El rostro de Adela se enfrió notablemente, y no tenía nada que ver con el frío persistente de la ventana que Egon había dejado abierta.

Esta reacción le resultaba demasiado familiar cada vez que su hijo abordaba el tema de los sueños relacionados con la Primera Emperatriz. Noctavian, sintonizado con sus sentimientos no expresados, se aventuró a hablar.

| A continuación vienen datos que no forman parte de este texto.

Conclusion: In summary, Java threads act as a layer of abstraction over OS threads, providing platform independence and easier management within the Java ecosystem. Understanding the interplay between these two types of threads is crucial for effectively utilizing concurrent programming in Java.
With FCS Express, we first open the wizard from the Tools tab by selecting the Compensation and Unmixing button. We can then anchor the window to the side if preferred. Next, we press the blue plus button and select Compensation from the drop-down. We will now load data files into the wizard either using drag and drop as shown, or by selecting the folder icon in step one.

—Los sueños que tengo sobre él son puramente factuales, Madre. Ella solo me revela el alcance del engaño de su gemelo. Sin embargo, hace mucho tiempo que no experimento uno. ¿Los sueños que ella te mostraba siempre estaban llenos de horror?

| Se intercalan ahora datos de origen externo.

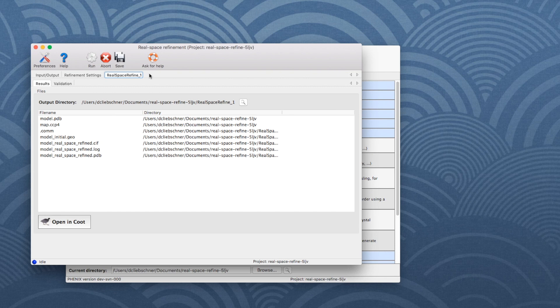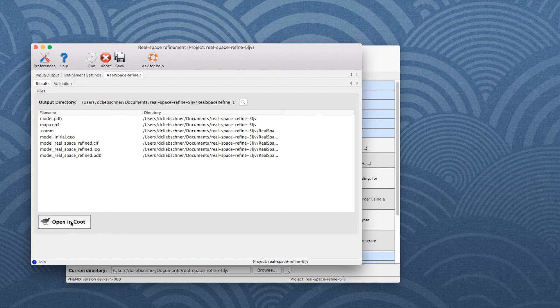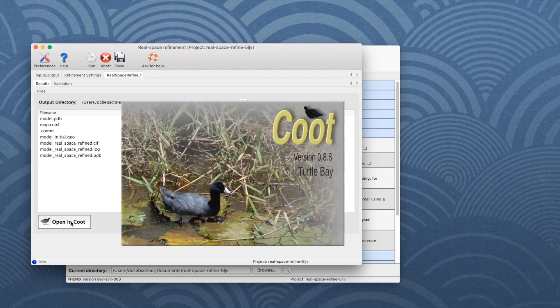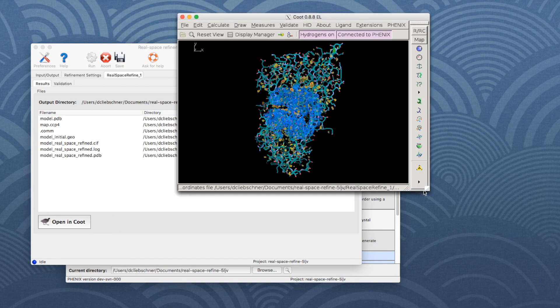The Results tab contains the list of output files. Click the Open Include button to see the map and the final model.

La mano de Adela acarició suavemente la mejilla de Noctavian, sus ojos verdes irradiando afecto. Ya le había compartido esta historia antes, pero sentía que él preguntaba una vez más por su profunda reverencia hacia la Primera Emperatriz que había pavimentado el camino de gloria para su heredero esperado siglos atrás.

—… Necesitaba conservar toda mi energía durante mi embarazo contigo. Por eso Rauul insistió en que llevara el broche en todo momento, y desde entonces, solo sueños agradables adornaron mi descanso.

Él miró su pulsera, reconociendo el amor y la protección de la Primera Emperatriz que lo había envuelto incluso antes de su nacimiento. Noctavian tocó suavemente su brazalete en señal de gratitud.

—Alkadim causó daño, no solo a ella sino también a la Tía Larissa. Sin embargo, no está en mi lista porque sus acciones fueron involuntarias. Después de todo, fue profundamente engañado.

Los ojos de Adela se suavizaron con orgullo maternal mientras hablaba:

—Mi hijo posee gran sabiduría. Puedes mantener una lista de aquellos a quienes te acercas con cautela y mantenerlos a distancia, pero nunca dejes que la sed de venganza te consuma.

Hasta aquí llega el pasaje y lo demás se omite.